今日,情報処理はデジタル化されている。一方,人間が認識できる情報はアナログである。また,デジタル機器間で情報を通信するために必要な電気信号や,電波,光などもアナログである。そのため,デジタルとアナログを相互に変換する装置が必要になる。具体的には,アナログ/デジタル(A/D)変換器およびデジタル/アナログ(D/A)変換器と呼ばれるもので,両者を合わせてデータ変換器とも呼ばれる。本書では,A/D変換およびD/A変換を初めて学ぶ学生やエンジニアを対象として,原理と回路実装の基礎をできるだけわかりやすく説明する。

デジタル情報処理の応用が広がれば広がるほど,デジタルとアナログのインタフェースとしてのデータ変換器の重要性も高まる。いま注目されているIoT(internet of things)や,センサネットワーク,ロボット,自動運転などでも,温度,圧力,加速度などの物理量をセンサで電気信号に変換し,マイクロコントローラに読み込ませるためには,アナログをデジタルに変換するA/D変換器が必要である。

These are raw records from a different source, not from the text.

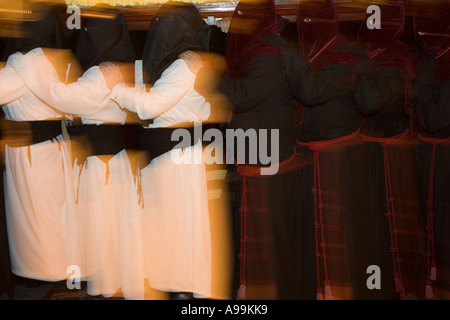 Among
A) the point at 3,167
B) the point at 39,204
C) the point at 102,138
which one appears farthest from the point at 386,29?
the point at 3,167

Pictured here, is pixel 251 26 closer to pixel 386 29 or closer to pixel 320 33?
pixel 320 33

また,コントローラの処理結果に基づきアクチュエータを駆動するためには,デジタルをアナログに変換するD/A 変換器が必須である。AI(artificial intelligence)も豊富なネット情報を活用する必要があり,それを支える高速情報通信網には高性能データ変換器が組み込まれている。これらの応用範囲が拡大すると,データ変換器に対する要求性能が一層高度化し,高性能化により新しい応用分野が開けていく,というダイナミックな展開が当分続くであろう。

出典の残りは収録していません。